▶ **REQUIRED ACTION**
Only the lines from the start of the data below through the line that contains "رادیو کاست پوکسین مدل PX-33BT" are to be copied, exactly and without pictures.

▶ **Captioned web image data**
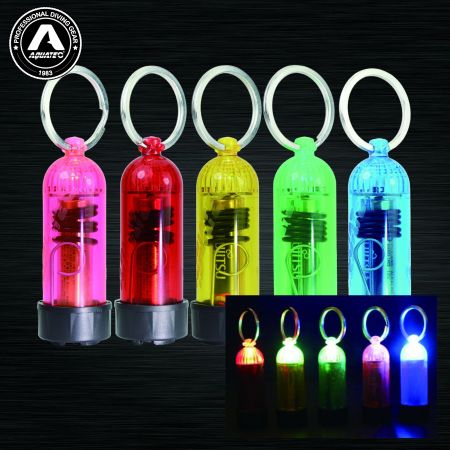 Scuba blikající LED světlo pro potápěčskou lahev - Scuba blikající LED světlo pro potápěčskou lahev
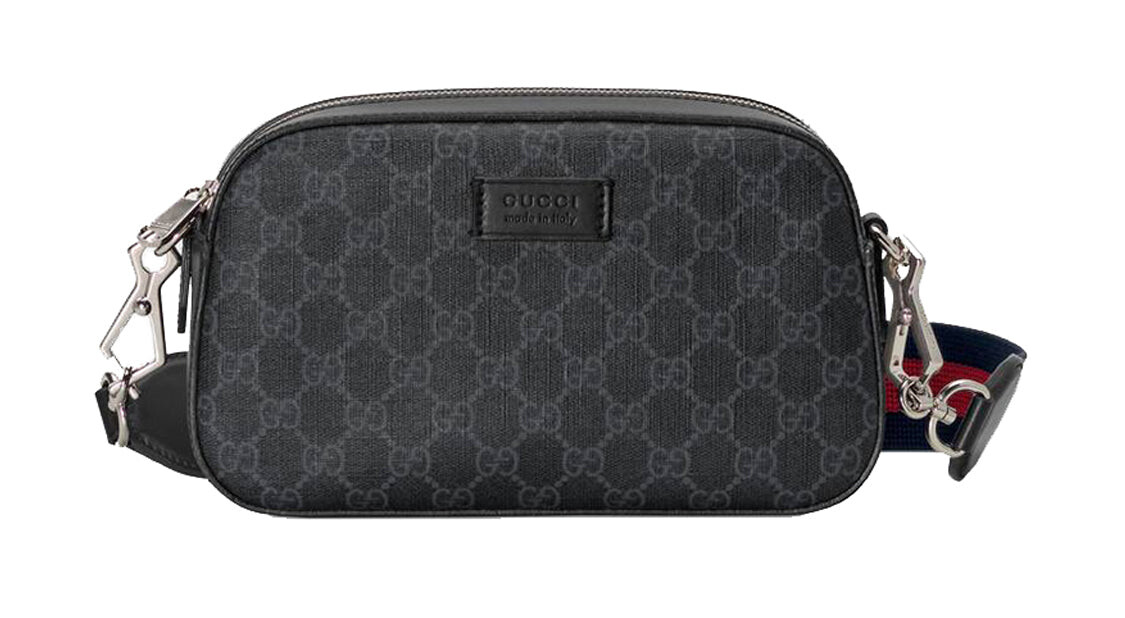 

Сумка GUCCI холщовая, серый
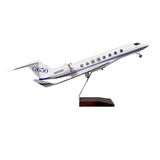  Mô hình máy bay Gulfstream G650 Business Jet kích thước 47cm No Led MB47095 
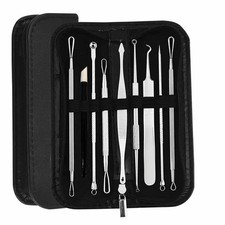 Blackhead Kit, Blemish  Comedone Extractor Tools for Nose and Face Skin Care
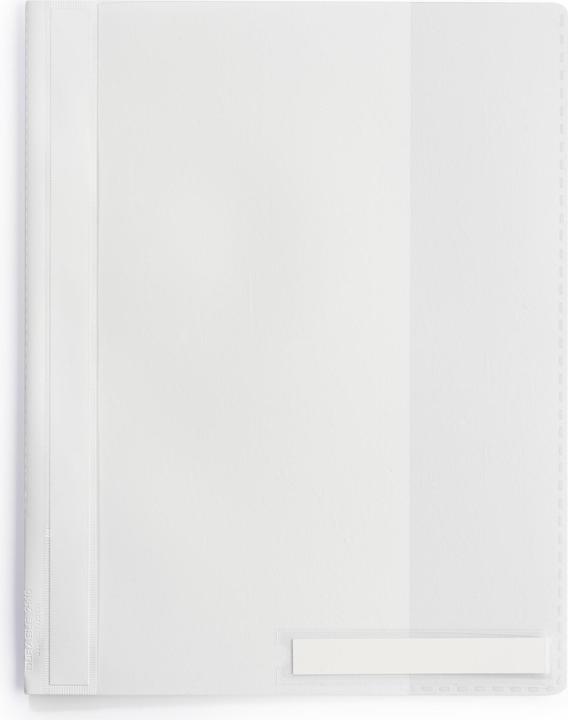 Actual product image Durable CLEAR VIEW MANAGEMENT FILE A4 Presentation Folder White (A4+, 25 x)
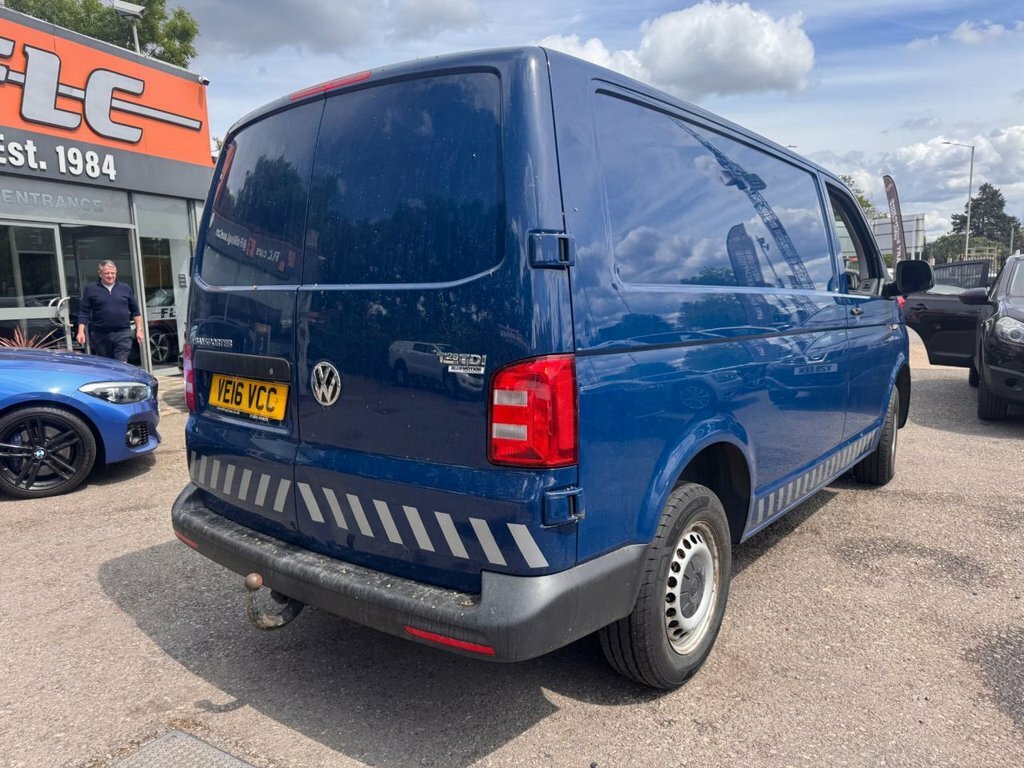 Volkswagen Transporter 2L T28 Startline VE16VCC Blue #3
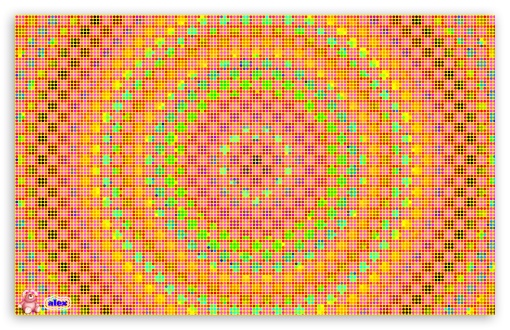 Colorful Dots Background UltraHD Wallpaper for Widescreen 16:10 5:3 ;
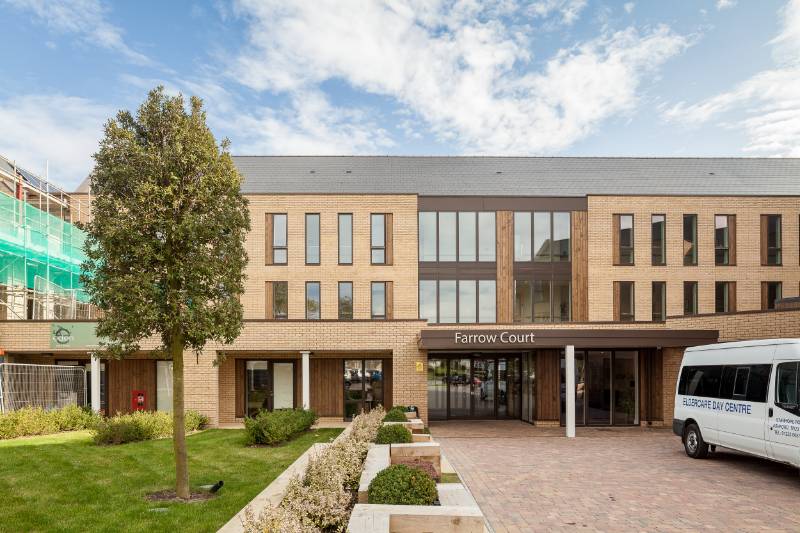 Farrow Court, Ashford - Sheltered housing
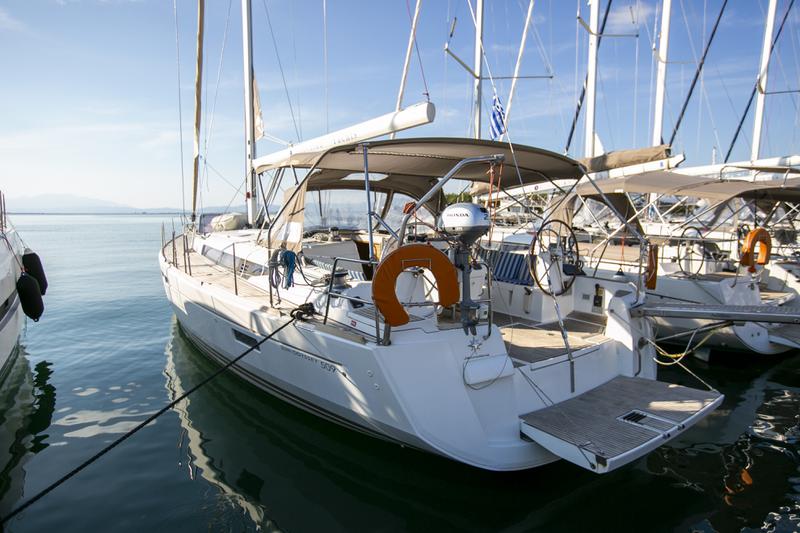 Book yachts online - sailboat - Sun Odyssey 509 - Nefeli | with A/C, generator, inverter, solar panels - rent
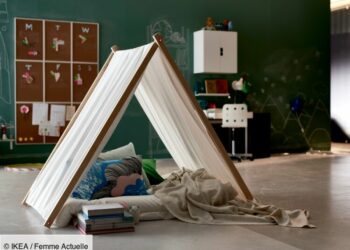 Comment attacher le haut d'un tipi ?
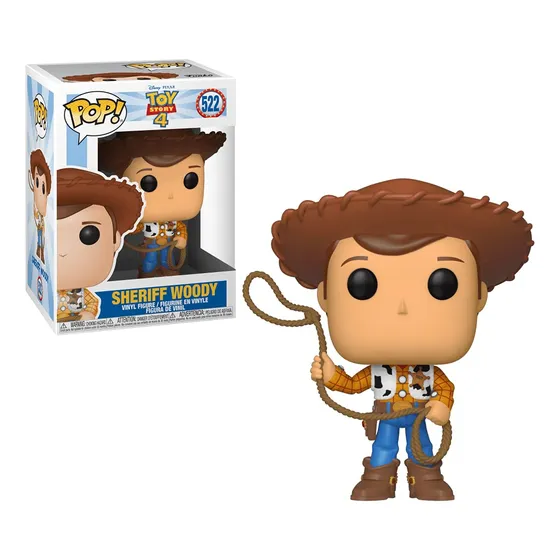 Funko Pop - Toy Story 4 - Woody - Darkside Bros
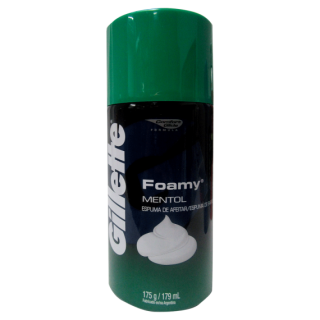 GILLETTE FOAMY MENTOL 175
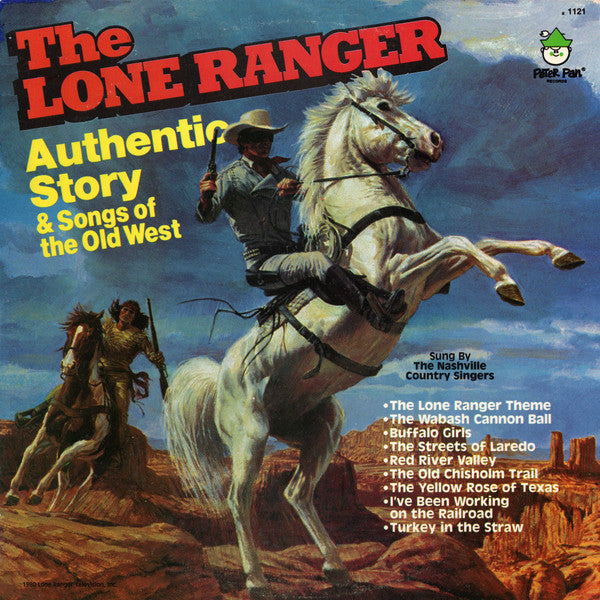 Nashville Country Singers : The Lone Ranger (LP, Album)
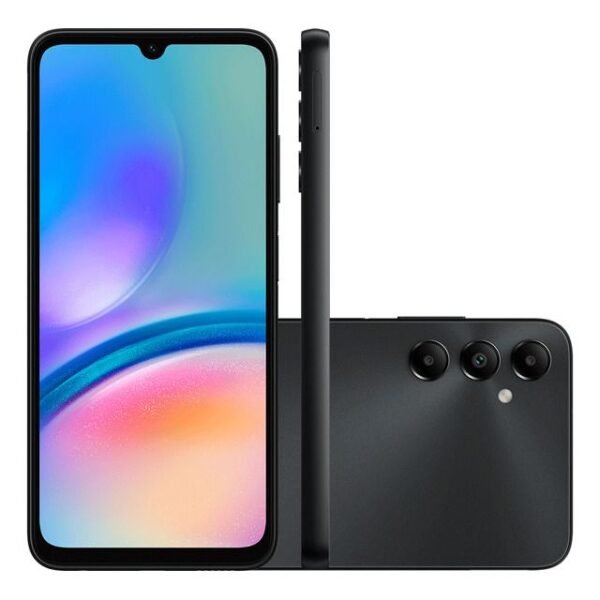 SMARTPHONE SAMSUNG GALAXY A06 DS 4/128GB PRETO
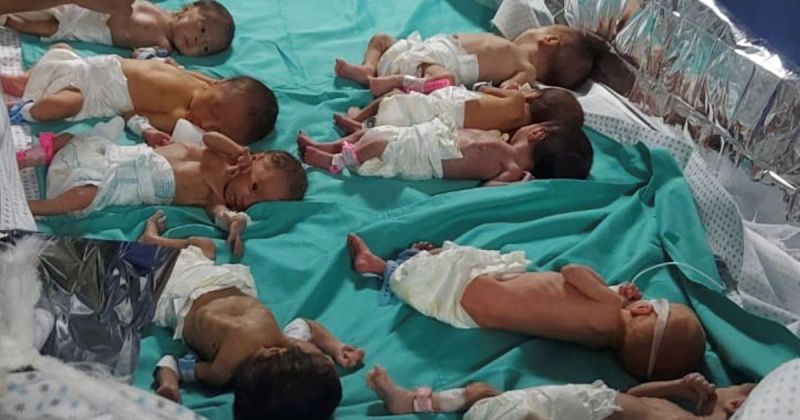 أطفال غزة الخُدّج.. معركة تبدأ منذ اللحظة الأولى للحياة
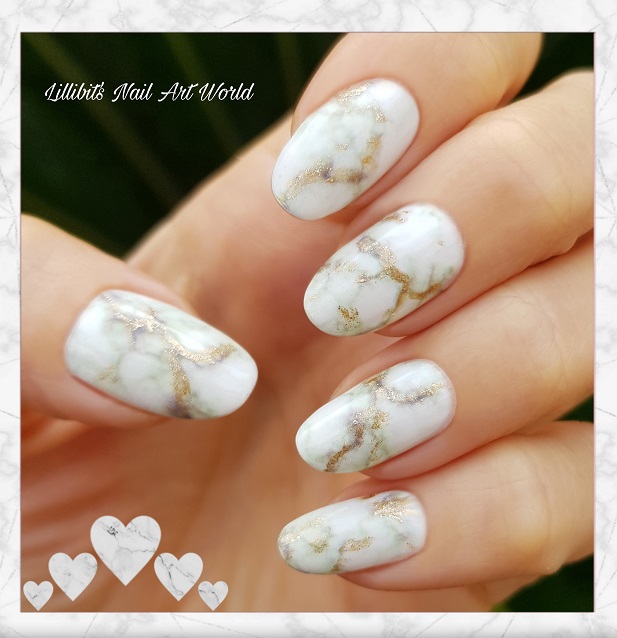 Lillibit´s Nail Art World: Uñas de mármol (II)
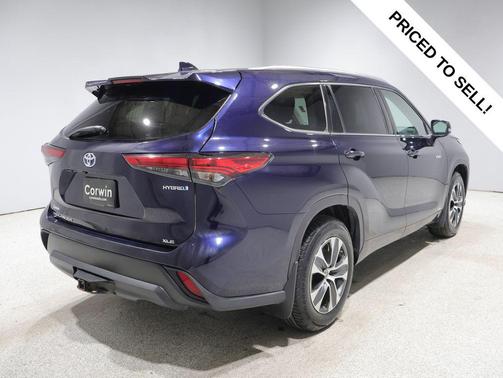 Blueprint 2021 Toyota Highlander Hybrid XLE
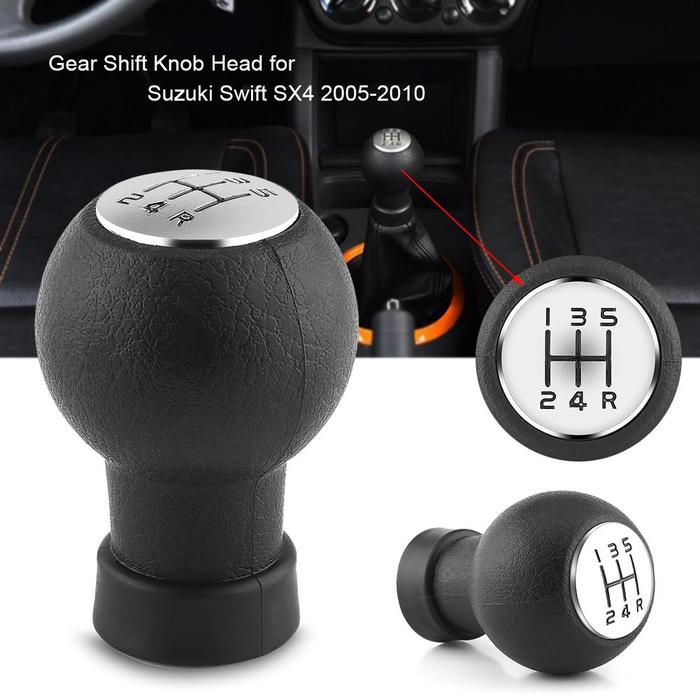 Gambar Swift For Shift Gear 2005-2010 5 SX4 Suzuki Speed Car Head Knob dari MOROORENE Kota Administrasi Jakarta Pusat Tokopedia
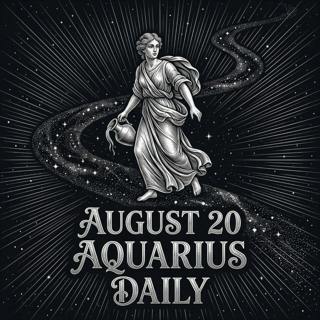 Thursday, August 20, 2026 Aquarius Horoscope Today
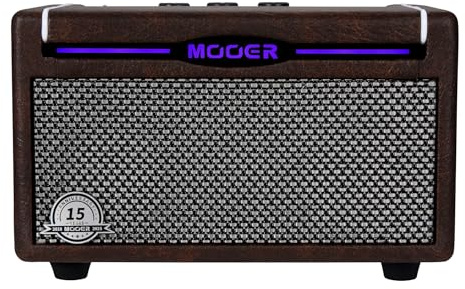 Mooer SD10i - Guitarra de modelado y multiefectos (2 unidades, 10 W)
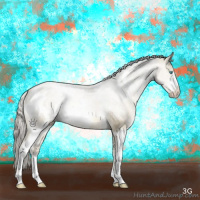 Horse Color:White Spotted Chocolate Palomino Pearl Dun Mushroom Brindle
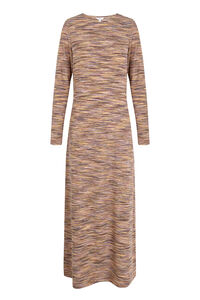 Slowlove Vestido punto melange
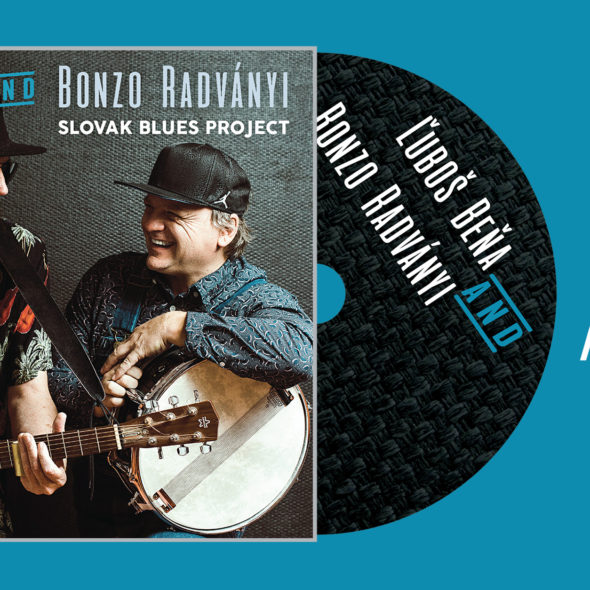 Album Ľuboš Beňa & Bonzo Radványi - Slovak Blues Project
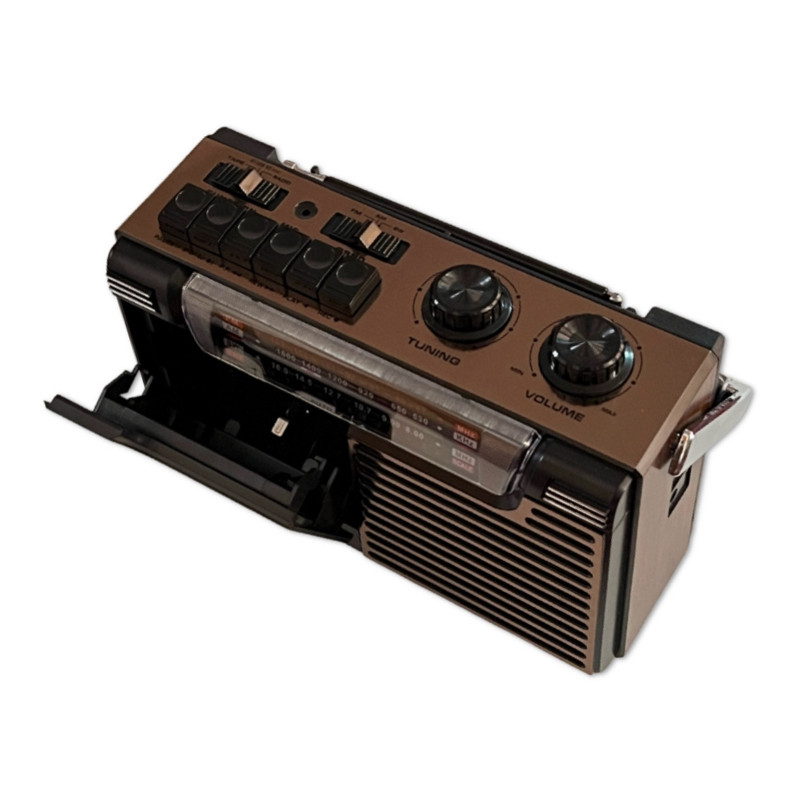 رادیو کاست پوکسین مدل PX-33BT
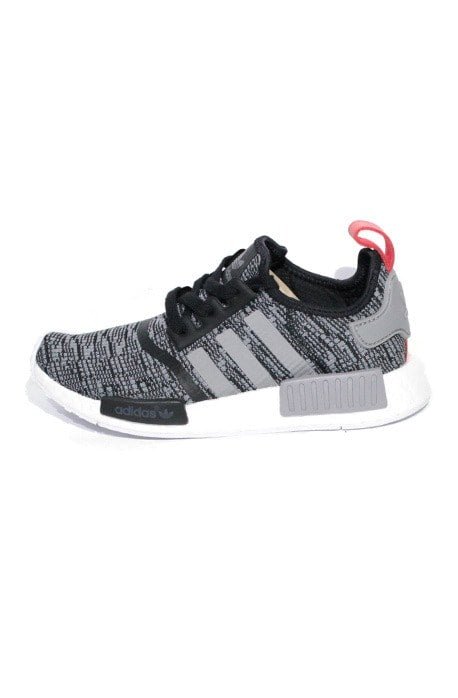 Tênis Adidas NMD_R1 Runner Glitch Camo Core Black/Solid Grey - NewSkull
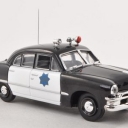 Ford customs 4-Door, S.F.P.D. - San Francisco Police Department, police (US) 1950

▶ **RESULT OF THIS TASK**
 Scuba blikající LED světlo pro potápěčskou lahev - Scuba blikající LED světlo pro potápěčskou lahev

Сумка GUCCI холщовая, серый
  Mô hình máy bay Gulfstream G650 Business Jet kích thước 47cm No Led MB47095 
 Blackhead Kit, Blemish  Comedone Extractor Tools for Nose and Face Skin Care
 Actual product image Durable CLEAR VIEW MANAGEMENT FILE A4 Presentation Folder White (A4+, 25 x)
 Volkswagen Transporter 2L T28 Startline VE16VCC Blue #3
 Colorful Dots Background UltraHD Wallpaper for Widescreen 16:10 5:3 ;
 Farrow Court, Ashford - Sheltered housing
 Book yachts online - sailboat - Sun Odyssey 509 - Nefeli | with A/C, generator, inverter, solar panels - rent
 Comment attacher le haut d'un tipi ?
 Funko Pop - Toy Story 4 - Woody - Darkside Bros
 GILLETTE FOAMY MENTOL 175
 Nashville Country Singers : The Lone Ranger (LP, Album)
 SMARTPHONE SAMSUNG GALAXY A06 DS 4/128GB PRETO
 أطفال غزة الخُدّج.. معركة تبدأ منذ اللحظة الأولى للحياة
 Lillibit´s Nail Art World: Uñas de mármol (II)
 Blueprint 2021 Toyota Highlander Hybrid XLE
 Gambar Swift For Shift Gear 2005-2010 5 SX4 Suzuki Speed Car Head Knob dari MOROORENE Kota Administrasi Jakarta Pusat Tokopedia
 Thursday, August 20, 2026 Aquarius Horoscope Today
 Mooer SD10i - Guitarra de modelado y multiefectos (2 unidades, 10 W)
 Horse Color:White Spotted Chocolate Palomino Pearl Dun Mushroom Brindle
 Slowlove Vestido punto melange
 Album Ľuboš Beňa & Bonzo Radványi - Slovak Blues Project
 رادیو کاست پوکسین مدل PX-33BT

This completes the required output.